## WORK INSTRUCTION
In the entries that follow, the lines from the line containing "The first patents" up to and including the line containing "Hey everybody, William" must be copied exactly, with pictures omitted.

## TASK DATA
BEGIN

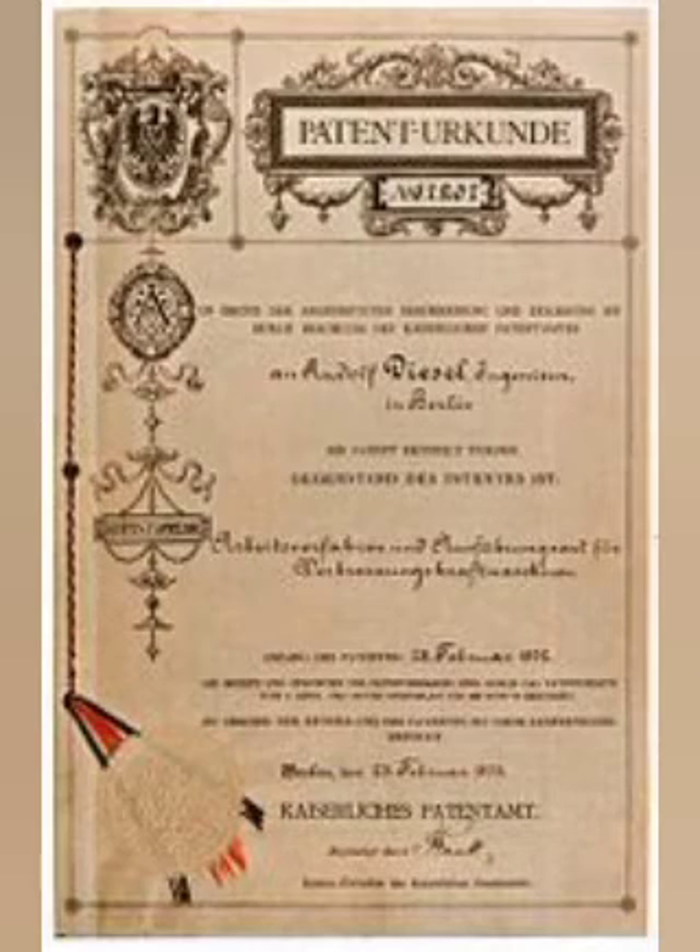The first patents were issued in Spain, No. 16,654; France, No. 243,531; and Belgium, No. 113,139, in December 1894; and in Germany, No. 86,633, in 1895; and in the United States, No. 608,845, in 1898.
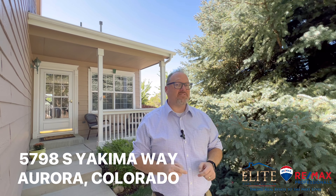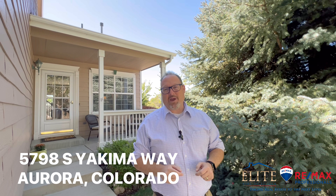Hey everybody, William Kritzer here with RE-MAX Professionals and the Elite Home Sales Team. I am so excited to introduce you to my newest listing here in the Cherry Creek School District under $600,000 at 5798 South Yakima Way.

END
BEGIN

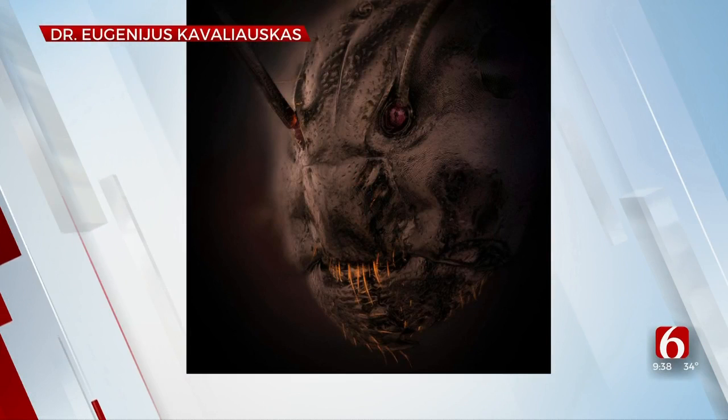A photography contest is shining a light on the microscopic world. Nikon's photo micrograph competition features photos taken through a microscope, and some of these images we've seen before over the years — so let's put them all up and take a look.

END

## EXERCISE SOLUTION
The first patents were issued in Spain, No. 16,654; France, No. 243,531; and Belgium, No. 113,139, in December 1894; and in Germany, No. 86,633, in 1895; and in the United States, No. 608,845, in 1898.
Hey everybody, William Kritzer here with RE-MAX Professionals and the Elite Home Sales Team. I am so excited to introduce you to my newest listing here in the Cherry Creek School District under $600,000 at 5798 South Yakima Way.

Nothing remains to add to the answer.